Tyler Durden bezeichnet diese Sehnsucht als die "Suche nach dem Nullpunkt". Dieser Punkt steht für ihn am Ende eines Prozesses der stetigen Entäußerung: Gib deinen Besitz weg, verabschiede dich von deinen Meinungen, deinem Geld, deinem Ego, und am Ende bleibt etwas übrig, die unverwechselbare Essenz, in der sich das revolutionäre Potential birgt. Doch der Film straft ihn Lügen, indem er dieses Begehren nach Essenz und Revolution selbst als konventionell und gefährlich entlarvt, jedenfalls in seiner Ausrichtung auf den Körper als Ort der Differenzierung. Darin ist "Fight Club" "Glamorama", dem neuen Roman von Bret Easton Ellis, sehr ähnlich. Auch dort findet sich der charismatische Führer einer Terror-Einheit, der abgenudelte Revolutionsphrasen von sich gibt und gesellschaftliche Veränderung vor allem in der mediengerechten Zerstörung von Körpern sucht. Und wie der Film setzt auch der Roman auf gewalttätige Szenen, die in ihrer Maßlosigkeit schockieren, aber zu keinem Moment den erhofften Durchbruch bringen.

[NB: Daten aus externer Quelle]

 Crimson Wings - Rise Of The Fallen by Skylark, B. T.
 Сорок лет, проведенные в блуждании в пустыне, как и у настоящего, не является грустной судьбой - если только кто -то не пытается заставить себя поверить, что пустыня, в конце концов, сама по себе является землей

Was beide Werke so faszinierend macht, ist das Selbstbewusstsein, mit dem sie zwischen Schock-Kunst mit Veränderungspotential und oberflächlichem Medienspektakel angesiedelt sind. "Glamorama" schmeißt nur so mit Celebrity- und Markennamen um sich, und "Fight Club" hat mit Brad Pitt und Edward Norton zwei ausgesprochen publikumswirksame Stars aufzubieten. Andererseits setzen beide Werke auf außerordentliche gewalttätige, körperliche Szenen und entwerfen sinnentleerte Welten, die von herkömmlicher Hollywood-Harmonie meilenweit entfernt sind. Sowohl Ellis als auch Fincher sind sich bewusst, mit ihren Werken Medien-Spektakel abgeliefert zu haben, die genau die passive Rezeptionshaltung fördern, die sie andererseits so vehement bloßstellen wollen. Ein nicht auflösbarer Widerspruch, sieht man von bestimmten Pornokinos ab, in denen die Körper der Zuschauer vor der Leinwand mit in die Handlung einbezogen werden. Fincher lässt die Körper seiner Zuschauer unangetastet, macht aber die Illusionsmaschinerie des Kinos deutlich, indem er Durden in einem seiner Jobs als Filmvorführer Schnipsel aus Pornos in Disney-Filme schneiden lässt. Das bringt die Kleinen zum Weinen und führt bei ihnen vielleicht zu dem Schock, den Fincher bei seinem erwachsenen Großstadtpublikum nicht mehr zu erhoffen wagt. Wenn am Ende des Films kurz ein Schwanz auf der Leinwand zu sehen ist, ist das nicht die Rückkehr des verdrängten Zuschauer-Körpers, sondern nur ein weiterer selbstreflexiver Scherz. Trotzdem: Betreten auf eigene Gefahr.